Author's note: having been imported from a former version of the story, some of the comments below are dated previous to this post. Once the plot has not been altered, just the pagination, I am keeping them since they are very dear and precious to me.


  1. Vladimir's defiant opinions about homosexuals makes me wonder if his father sexually abused him. If he had been a victim of sexual abuse, it would explain why he is so disgusted. I'm sure there are other reasons, such as if the reason his father beat him was because he wasn't 'masculine' enough, so now he feels gay men are not masculine, so he looks down on them.
    I liked seeing Catherine in this chapter defending Laurent. Despite all the stuff she does to him, or how much she can treat him like a pawn in a game sometimes, I am convinced she does deep down in her heart care about him. To accept that part of Laurent so completely shows how much she loves him.
    *sigh* Now I'm out of chapters to read. LOL.
    I have truly enjoyed all of this story so far, Andante Zen, and I especially enjoy the eloquent way you write and the flashback pieces so intricately woven into the main parts of the story. I am definitely excited to see more of the story. :)

    1. Andante ZenJuly 23, 2014 at 7:18 AM

      We might never learn Vladimir's reasons for being homophobic, and we will have to stay with Catherine's hypotesis -- she doesn't intend to stay much longer with him, and I don't think we will meet him in Book Two. Helping him emigrate to France is as generous from her as it is a relief, to finally get rid of someone who constantly attacks her son. At least, Vladimir brings out the lioness in Catherine for us to see, and though Laurent doesn´t witness any of this, we are privileged to observe Catherine consistently defending him -- and not just that, but highly praising her son, too!

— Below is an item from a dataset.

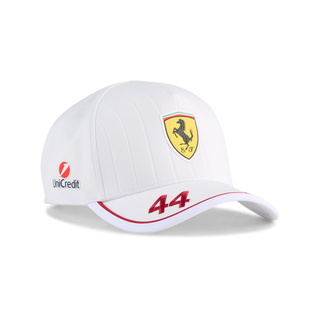 Casquette baseball homme Hamilton blanc Team Scuderia Ferrari F1 2025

      Catherine has never had any problem with Laurent being gay, and we will learn more about that in Book Two, which depicts a good part of Laurent's adolescence in rural France. We will even witness his rather witty coming out.

      Thank you very much for having read Book One of "the last canvas", LKSimmer, and above all, for having commented on all chapters -- you were the first to do that! Your comments were very thoughtful, and I've appreciated your insights on my characters and plot, that you have so deeply understood. Replying to you was also very nice, and I thouroughly enjoyed the communication that has ensued between us! It has been precious!

      Thank you for your appreciation of my writing; it means a lot to me. I shall paste and copy that part of your comment into the collection of sentences I keep as a reserve when I am experiencing writer's block. I am grateful.

      See you soon... Cheers!

      *This reply was not imported from the previous version of this story and has been pasted here.